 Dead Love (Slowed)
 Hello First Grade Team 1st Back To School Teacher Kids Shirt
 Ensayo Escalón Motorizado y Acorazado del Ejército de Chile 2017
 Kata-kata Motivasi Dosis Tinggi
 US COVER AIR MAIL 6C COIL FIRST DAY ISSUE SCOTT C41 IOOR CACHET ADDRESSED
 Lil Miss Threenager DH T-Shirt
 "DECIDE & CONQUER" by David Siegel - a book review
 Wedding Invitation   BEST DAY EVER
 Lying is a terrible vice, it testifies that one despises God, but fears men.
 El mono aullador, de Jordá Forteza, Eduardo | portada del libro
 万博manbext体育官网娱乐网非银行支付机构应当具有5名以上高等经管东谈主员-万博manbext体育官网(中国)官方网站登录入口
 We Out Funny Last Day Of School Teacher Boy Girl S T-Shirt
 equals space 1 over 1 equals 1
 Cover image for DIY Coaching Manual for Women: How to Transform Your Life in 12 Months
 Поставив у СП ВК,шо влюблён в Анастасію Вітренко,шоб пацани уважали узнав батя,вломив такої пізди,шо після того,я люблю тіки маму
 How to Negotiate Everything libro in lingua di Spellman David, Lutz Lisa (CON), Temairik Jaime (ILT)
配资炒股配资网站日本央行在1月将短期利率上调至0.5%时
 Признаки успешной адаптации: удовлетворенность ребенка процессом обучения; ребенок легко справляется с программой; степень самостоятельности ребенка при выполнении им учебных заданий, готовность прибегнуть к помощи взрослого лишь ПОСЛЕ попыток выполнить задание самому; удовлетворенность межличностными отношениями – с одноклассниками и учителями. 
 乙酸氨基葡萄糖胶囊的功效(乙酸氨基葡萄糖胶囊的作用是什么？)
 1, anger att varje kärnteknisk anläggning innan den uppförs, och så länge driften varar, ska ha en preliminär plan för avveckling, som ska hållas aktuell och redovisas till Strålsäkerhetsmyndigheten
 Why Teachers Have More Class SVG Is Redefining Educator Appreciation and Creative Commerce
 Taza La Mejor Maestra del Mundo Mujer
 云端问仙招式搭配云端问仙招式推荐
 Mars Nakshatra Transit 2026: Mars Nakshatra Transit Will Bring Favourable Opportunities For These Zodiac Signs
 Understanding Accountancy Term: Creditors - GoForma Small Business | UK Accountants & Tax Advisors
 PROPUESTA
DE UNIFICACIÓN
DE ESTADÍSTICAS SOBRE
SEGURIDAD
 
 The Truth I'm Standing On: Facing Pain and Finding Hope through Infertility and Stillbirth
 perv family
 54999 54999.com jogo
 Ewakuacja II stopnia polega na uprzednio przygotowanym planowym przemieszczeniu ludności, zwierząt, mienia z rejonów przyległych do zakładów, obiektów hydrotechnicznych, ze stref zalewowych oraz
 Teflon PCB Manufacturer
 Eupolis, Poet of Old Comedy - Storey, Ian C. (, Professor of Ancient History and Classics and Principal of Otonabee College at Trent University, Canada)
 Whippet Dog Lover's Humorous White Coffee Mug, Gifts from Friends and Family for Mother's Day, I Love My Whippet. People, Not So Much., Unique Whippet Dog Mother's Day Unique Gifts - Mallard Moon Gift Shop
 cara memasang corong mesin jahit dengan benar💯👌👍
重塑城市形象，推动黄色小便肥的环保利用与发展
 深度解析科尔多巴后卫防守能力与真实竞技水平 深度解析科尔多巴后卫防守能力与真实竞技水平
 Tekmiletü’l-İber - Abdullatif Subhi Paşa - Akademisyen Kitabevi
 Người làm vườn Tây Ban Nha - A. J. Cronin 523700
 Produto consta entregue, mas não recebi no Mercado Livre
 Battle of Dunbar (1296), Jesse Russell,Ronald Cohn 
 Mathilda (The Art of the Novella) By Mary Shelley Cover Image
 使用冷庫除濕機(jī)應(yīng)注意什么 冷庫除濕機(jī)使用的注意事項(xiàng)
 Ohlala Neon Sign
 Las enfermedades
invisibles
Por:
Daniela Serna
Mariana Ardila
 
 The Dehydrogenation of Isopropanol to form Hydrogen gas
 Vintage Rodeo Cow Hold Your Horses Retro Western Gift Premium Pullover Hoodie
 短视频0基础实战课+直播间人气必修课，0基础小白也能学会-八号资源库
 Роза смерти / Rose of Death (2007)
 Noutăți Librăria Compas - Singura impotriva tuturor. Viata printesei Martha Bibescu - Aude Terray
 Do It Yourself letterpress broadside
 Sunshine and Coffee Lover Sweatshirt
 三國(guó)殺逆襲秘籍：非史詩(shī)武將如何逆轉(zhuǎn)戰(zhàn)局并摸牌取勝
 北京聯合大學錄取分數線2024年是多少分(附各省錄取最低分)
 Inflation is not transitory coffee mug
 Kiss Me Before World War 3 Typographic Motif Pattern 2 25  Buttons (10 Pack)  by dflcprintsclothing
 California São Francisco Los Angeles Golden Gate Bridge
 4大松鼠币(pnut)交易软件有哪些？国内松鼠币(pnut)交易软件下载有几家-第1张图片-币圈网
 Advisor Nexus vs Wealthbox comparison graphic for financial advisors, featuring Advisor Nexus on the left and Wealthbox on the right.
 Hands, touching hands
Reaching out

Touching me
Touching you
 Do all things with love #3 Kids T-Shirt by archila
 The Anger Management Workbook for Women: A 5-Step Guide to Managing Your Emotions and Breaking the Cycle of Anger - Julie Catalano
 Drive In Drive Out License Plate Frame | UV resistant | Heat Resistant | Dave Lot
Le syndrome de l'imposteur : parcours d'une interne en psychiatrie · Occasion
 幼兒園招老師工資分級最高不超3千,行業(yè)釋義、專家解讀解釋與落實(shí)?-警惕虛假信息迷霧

Exercise prompt: Of all the entries above, retype exactly the lines from the line with "Touching me" to the line with "Drive In Drive", both included, and no others.

Answer for this exercise:
Touching me
Touching you
 Do all things with love #3 Kids T-Shirt by archila
 The Anger Management Workbook for Women: A 5-Step Guide to Managing Your Emotions and Breaking the Cycle of Anger - Julie Catalano
 Drive In Drive Out License Plate Frame | UV resistant | Heat Resistant | Dave Lot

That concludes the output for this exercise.